What Is the GMAT Scored Out Of and What’s Good

The GMAT is scored out of 805. The current version of the exam, called the GMAT Focus Edition, uses a total score scale that runs from 205 to 805. If you’ve seen references to a 200–800 scale, that was the previous version (the 10th Edition), which is no longer administered. The five-point shift matters more than it looks, because the entire score distribution was recalibrated along with it.

How the Total Score Scale Works

Your total GMAT score falls somewhere between 205 and 805, reported in 10-point increments. The exam is computer-adaptive, meaning the difficulty of each question adjusts based on how you’ve answered previous ones. Your final score reflects not just how many questions you got right but also the difficulty level of the questions you answered correctly.

The Focus Edition has three sections: Quantitative Reasoning, Verbal Reasoning, and Data Insights. Each section contributes to your composite total score. You also receive individual section scores, which business schools use to evaluate specific strengths and weaknesses beyond the headline number.

Why the Scale Shifted From 200–800

The older GMAT used a 200–800 scale, and many MBA program websites and ranking tables still reference scores on that range. When the test maker (GMAC) launched the Focus Edition, it deliberately offset the scale by five points to signal that the two versions are not directly comparable.

More importantly, the score distribution was rebalanced. Over the years, GMAT scores had clustered in ways that made it harder for admissions committees to distinguish between candidates. The new scale spreads scores more evenly. A practical example: a 645 on the Focus Edition represents roughly the same competitive standing as a 700 on the old exam. If you’re comparing your score to a friend’s older result or to a school’s published class profile that still lists 10th Edition numbers, look at percentile rankings rather than raw scores.
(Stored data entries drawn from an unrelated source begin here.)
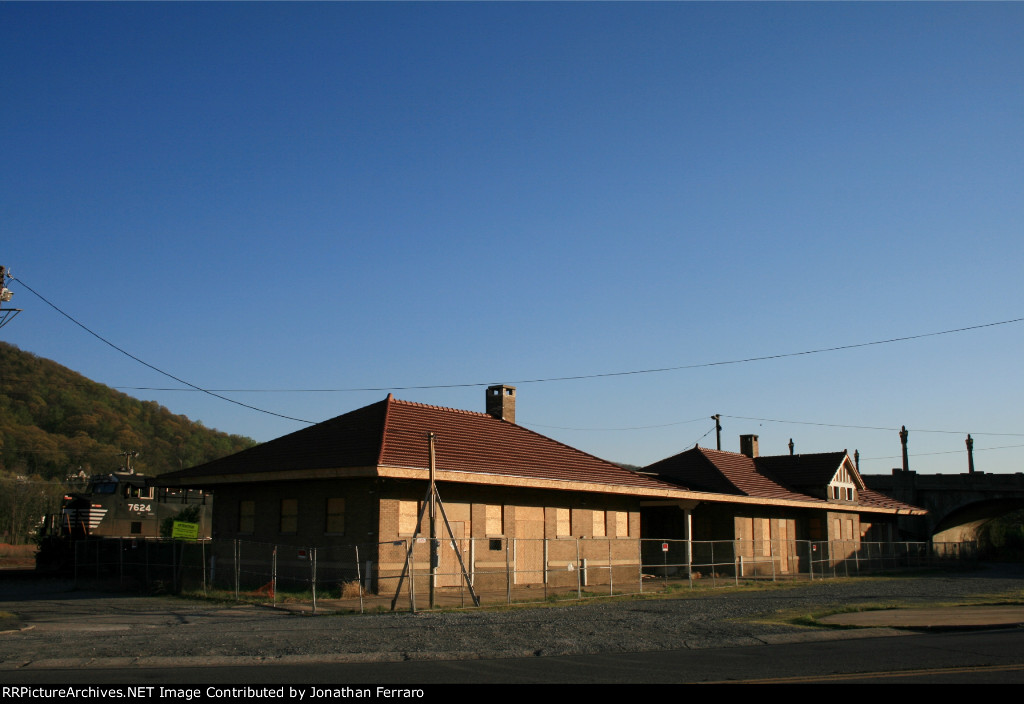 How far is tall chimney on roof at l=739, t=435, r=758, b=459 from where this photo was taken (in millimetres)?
51062

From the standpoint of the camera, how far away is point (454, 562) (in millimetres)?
25922

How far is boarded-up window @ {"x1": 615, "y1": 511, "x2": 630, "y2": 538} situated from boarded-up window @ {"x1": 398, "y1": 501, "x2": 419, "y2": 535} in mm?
10276

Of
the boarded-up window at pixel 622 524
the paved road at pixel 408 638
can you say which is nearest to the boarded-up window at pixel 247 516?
the paved road at pixel 408 638

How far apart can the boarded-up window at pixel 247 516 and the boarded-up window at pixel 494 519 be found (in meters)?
7.33

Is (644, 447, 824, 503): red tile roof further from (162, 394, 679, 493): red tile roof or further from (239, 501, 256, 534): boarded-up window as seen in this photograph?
(239, 501, 256, 534): boarded-up window

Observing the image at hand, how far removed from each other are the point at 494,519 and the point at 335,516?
16.7 ft

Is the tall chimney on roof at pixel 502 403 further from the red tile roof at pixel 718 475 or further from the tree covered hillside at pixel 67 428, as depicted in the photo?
the tree covered hillside at pixel 67 428

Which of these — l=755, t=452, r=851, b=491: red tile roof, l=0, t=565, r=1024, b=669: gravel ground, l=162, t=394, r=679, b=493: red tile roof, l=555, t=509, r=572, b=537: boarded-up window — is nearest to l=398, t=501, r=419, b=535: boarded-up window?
l=162, t=394, r=679, b=493: red tile roof

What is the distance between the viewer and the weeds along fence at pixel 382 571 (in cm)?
2252

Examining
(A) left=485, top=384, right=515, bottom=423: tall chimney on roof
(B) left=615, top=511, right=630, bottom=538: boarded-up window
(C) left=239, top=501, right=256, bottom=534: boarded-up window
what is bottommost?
(B) left=615, top=511, right=630, bottom=538: boarded-up window

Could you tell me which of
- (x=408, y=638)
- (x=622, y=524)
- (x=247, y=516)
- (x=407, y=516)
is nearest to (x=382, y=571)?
(x=407, y=516)

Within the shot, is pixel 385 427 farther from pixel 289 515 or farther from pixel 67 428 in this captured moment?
pixel 67 428

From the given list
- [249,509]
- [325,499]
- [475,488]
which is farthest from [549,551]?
[249,509] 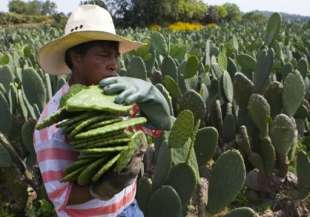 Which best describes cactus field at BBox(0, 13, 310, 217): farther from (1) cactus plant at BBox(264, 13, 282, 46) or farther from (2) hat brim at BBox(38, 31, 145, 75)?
(1) cactus plant at BBox(264, 13, 282, 46)

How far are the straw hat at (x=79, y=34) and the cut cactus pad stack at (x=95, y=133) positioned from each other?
252 mm

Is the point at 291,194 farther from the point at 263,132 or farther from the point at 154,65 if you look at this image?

A percentile tells you what percentage of test takers scored below you, which stays meaningful across versions.

What Percentile Rankings Tell You

Along with your total and section scores, your score report includes percentile rankings. These are based on all test takers over a rolling multi-year window, so they reflect current competition. A 90th-percentile score means you outperformed 90% of recent GMAT takers.

Percentiles are especially useful when researching schools. If a program reports a median GMAT of 700 from the old edition, you can find the percentile that score represented and then match it to the equivalent Focus Edition score. This gives you a much more accurate target than simply trying to hit a number that looks similar on a different scale.

What Your Score Report Includes

When you finish the exam, you see an unofficial total score on screen immediately. Your official score report, sent to you and to any schools you designate, includes your total score (205–805), individual section scores for Quantitative Reasoning, Verbal Reasoning, and Data Insights, and percentile rankings for each.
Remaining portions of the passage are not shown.